> [Prompt]
If a picture appears, leave it out, and reproduce exactly the lines from the start of the listing below through the one bearing "A living room".

> [Collected data]
━━━━━━━━━━

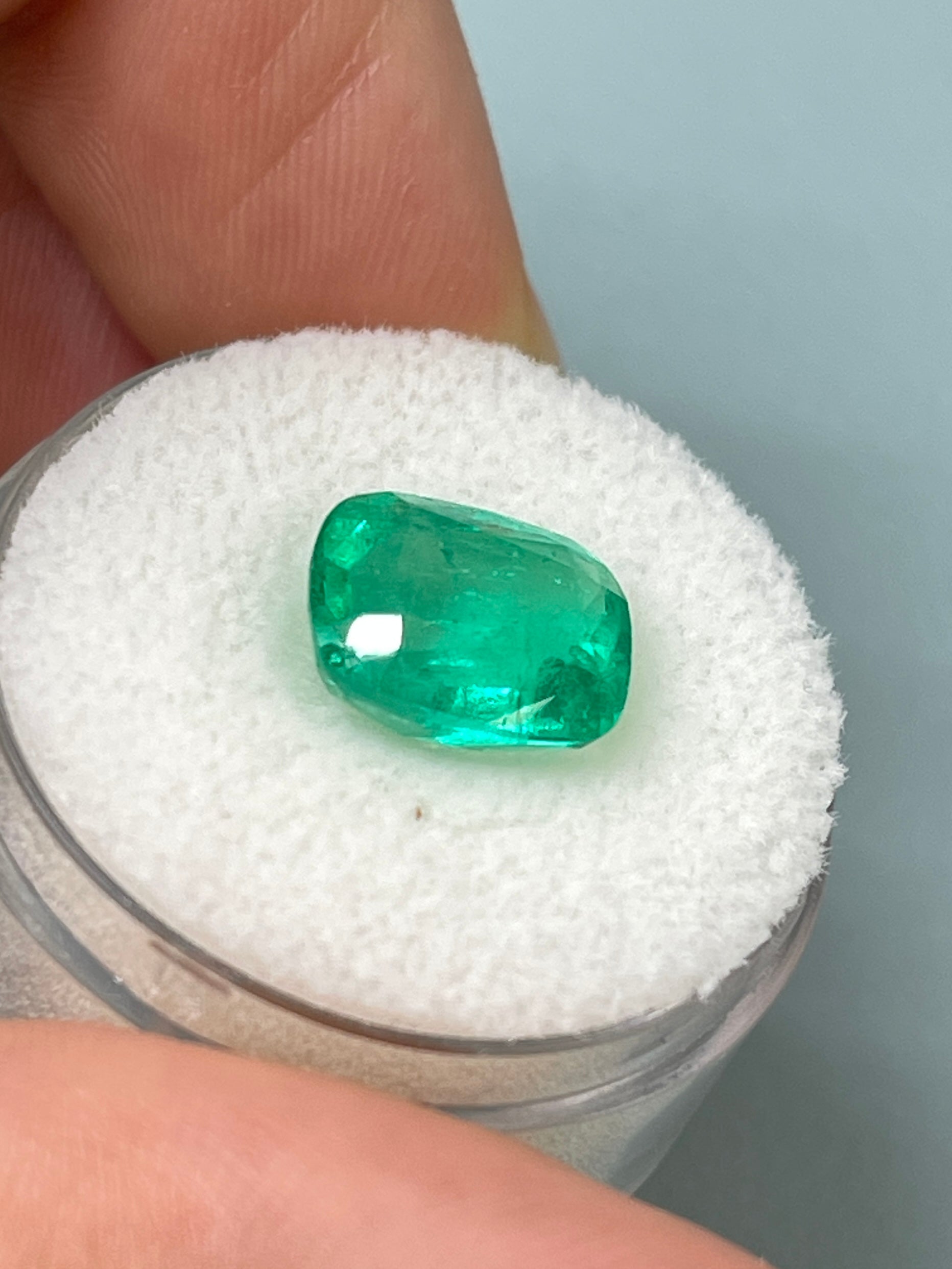 Loose 3.85 carat cushion cut Colombian emerald with medium green color, natural gemstone from JR Colombian Emeralds.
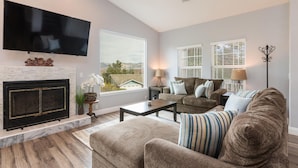 A living room with a fireplace, a flat-screen TV, a sofa, and a coffee table. - Fabulous 4 Bed/3 Bath Rental on Lodge Hill! Updated, Charming & Pet-Friendly! (Cambria)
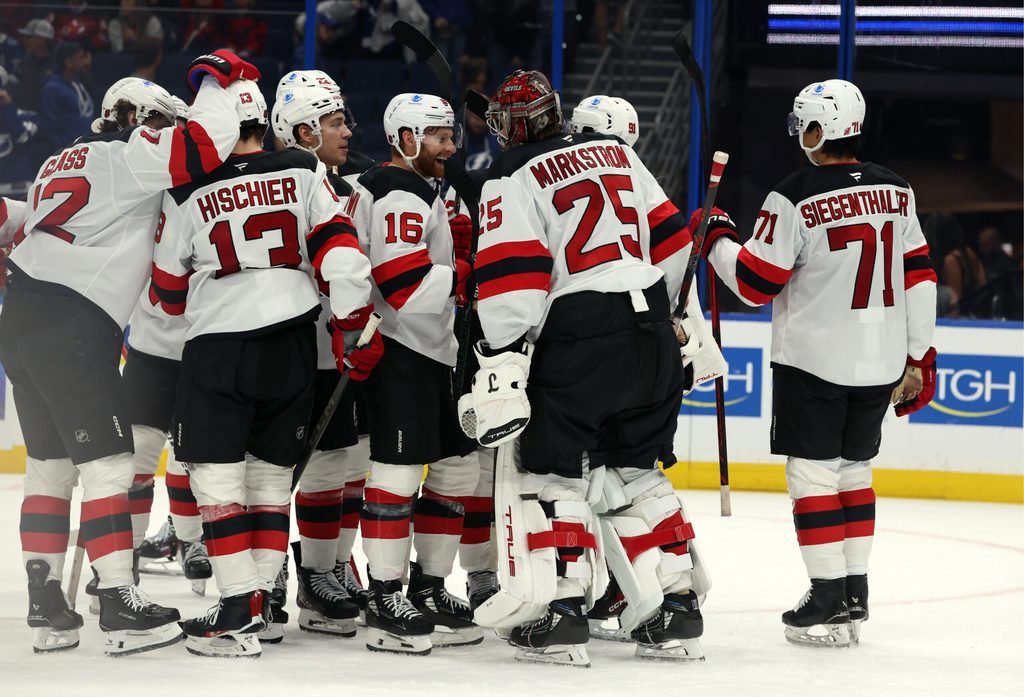 Oct 11, 2025; Tampa, Florida, USA; New Jersey Devils goaltender Jacob Markstrom (25), right wing Connor Brown (16), defenseman Jonas Siegenthaler (71) and teammates celebrate after they beat the Tampa Bay Lightning at Benchmark International Arena. Mandatory Credit: Kim Klement Neitzel-Imagn Images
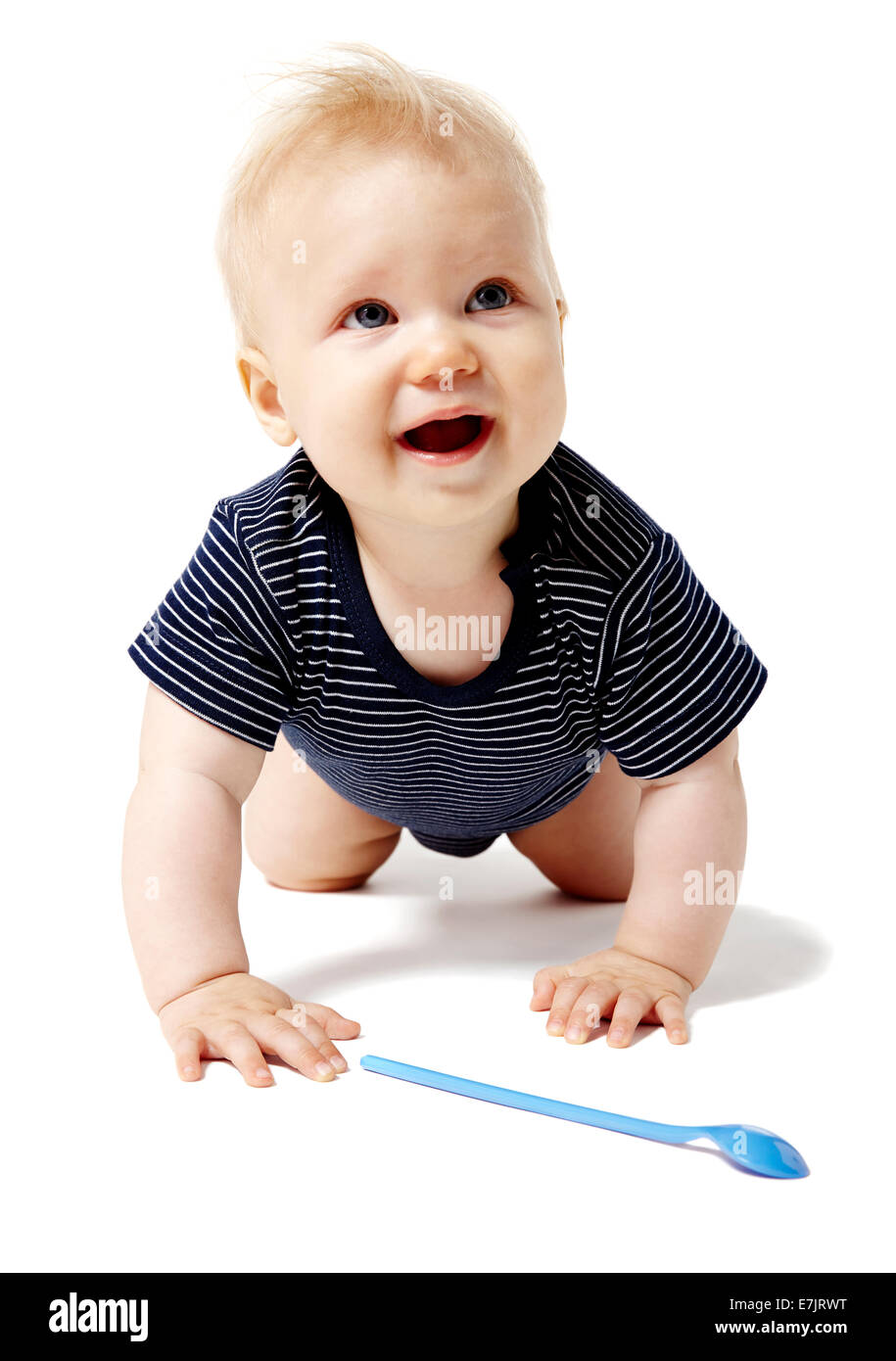 Happy baby crawling on knees and looking up. Stock Photo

━━━━━━━━━━

> [Expected answer]
 Loose 3.85 carat cushion cut Colombian emerald with medium green color, natural gemstone from JR Colombian Emeralds.
 A living room with a fireplace, a flat-screen TV, a sofa, and a coffee table. - Fabulous 4 Bed/3 Bath Rental on Lodge Hill! Updated, Charming & Pet-Friendly! (Cambria)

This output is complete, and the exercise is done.